Marie Antoinette: The Color of Flesh is Joel Gross's tale of a love triangle involving the ill-fated queen during the two decades leading to the French Revolution. Superbly directed by Robert Kalfin and beautifully acted by a cast of four (one in a nonspeaking role), this romantic drama presented by Earl Productions is history made intriguing and delicious. There are inherent dangers in the creation of historical drama. If it's too heavy-handed in the history, nuanced human characterization suffers; if it's excessive in the emotional drama, the political element seems like the awkward, hollow context for a romance novel. Assisted by Kalfin's well-tempered direction, Gross gracefully sidesteps both potential pitfalls. The result is a drama in which the social and political standings of each of the characters are as wickedly intertwined as lovers' limbs and as crucial to the tale as the trio's amorous intentions.
The play opens with a scene early in the acquaintance of the social-climbing portrait artist Elisabeth le Brun (Samantha Ives) and one of her subjects, the rakish but politically idealistic nobleman Count Alexis de Ligne (Jonathan Kells Phillips). As the two eventual paramours, Ives and Phillips banter with audience-winning charm and verve. Even as their carefully stoked sexual tension renders their romantic entanglement a mere eventuality, they convey the agendas nearer their hearts. Le Brun wants to parlay the association into an introduction with the ingénue Queen in hopes of becoming the Queen's portrait artist, while the Count speaks starry-eyed of empowering the peasant masses.

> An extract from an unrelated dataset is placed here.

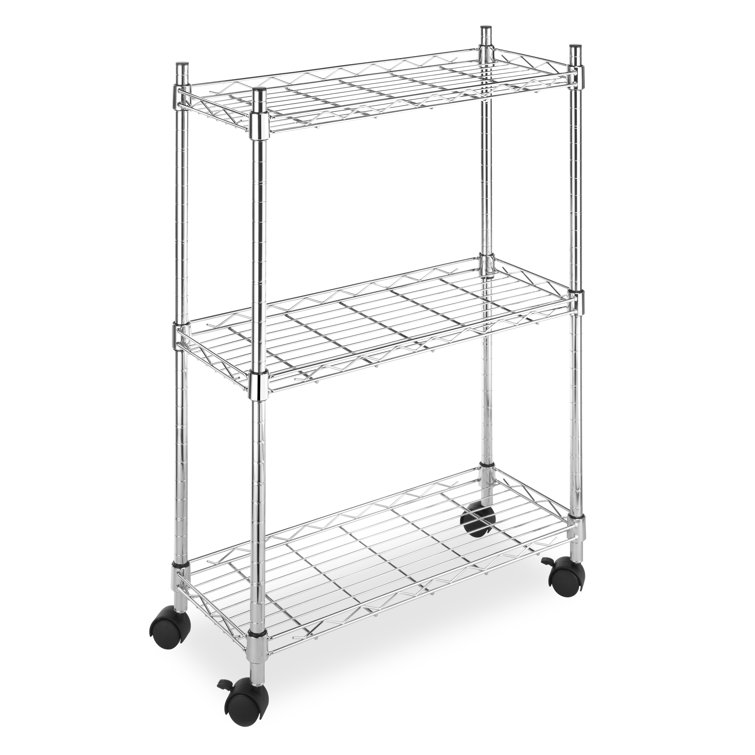 WFX Utility™ Tiverton 3 Tier Laundry Cart & Reviews Wayfair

Enter Amanda Jones as "Toinette" the sheltered daughter of Empress Maria Teresa of Austria, bred to please family and King and to symbolize the relationship between two nations—but also to keep her nose out of political affairs. As the naïve, homesick Queen yearning for friendship and the sensation of feeling like a desirable woman (yens fulfilled, respectively, by le Brun and the Count), Jones conveys a royal's dignity and a schoolgirl's delight. Convincingly transitioning from innocent to disillusioned in this 20-years-in-two-hours tale, Jones impresses throughout. Perhaps most memorably, she sparkles in a hilarious scene recounting the Queen's first sexual experience.
Ives and Phillips demonstrate range as well. As the Count, Phillips is no one-note playboy. Years fighting in the American Revolution under Lafayette turn his debonair idealist into a man of convincing depth and understated innocence lost. Ives balances ambition with sincerity and seems equally comfortable with drawing-room wit and boudoir intimacy. A bit of a quibble, but a slight increase in le Brun's early Machiavellianism would yield a more powerful payoff when, in the midst of revolution, she eventually declares her loyalty.

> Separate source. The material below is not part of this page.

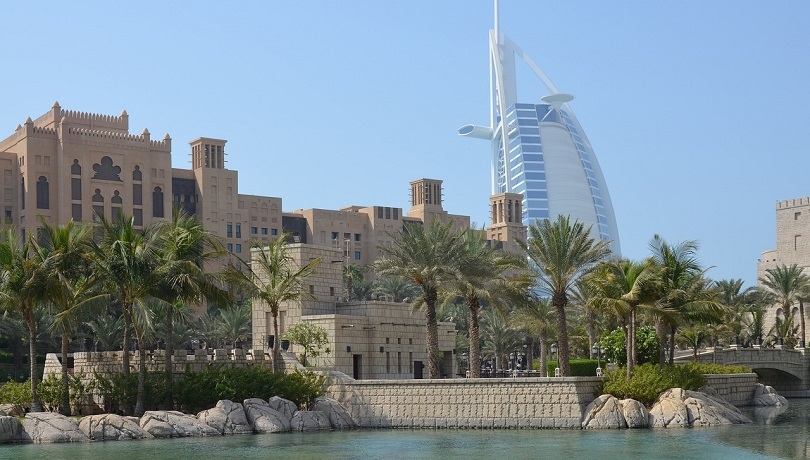 Madinat Jumeirah. Image by Werner Satzger from Pixabay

The fourth cast member, Hugo Salazar, serves the pragmatic function of setting the stage before each scene, but in this nonspeaking servant role he also reminds the audience of his class's pivotal voice in the outcome of the story. To his credit, Salazar embodies the positive aspect of the cliché about there being no small roles—wordless, he is variously dignified, endearing, and comical.
Directorial and design choices succeed in alluding to the lavishness of the play's locales without distracting from what must be the highlight of the presentation—the actors' apt portrayals of Gross's carefully drawn characters. Sumptuous costumes by designer T. Michael Hall are the production's one perfectly chosen concession to the expected visual drama of historical romance. As the backdrop for a few easily rearranged furniture pieces, Kevin Judge's simple, off-kilter white scenic space is an effective and versatile design choice for a play that might have tempted a lesser designer-director team into counterproductive opulence.
Paul Hudson's lighting design achieves its task with similar elegance; projected title cards and the outline of an imposing Versailles window are the few elaborations in a space whose lighting options are limited. Merek Royce Press's sound design transports the audience from ball to opera to garden with a few well-chosen and modulated ambient tracks.
Though the tale is fictional (especially regarding the Count), the three characters' predicaments make for a compelling, passionate, and memorable lesson in history and the heart. As historical drama, this succeeds where many in the genre disappoint. In short, if history lessons were all like this, no one would ever cut class.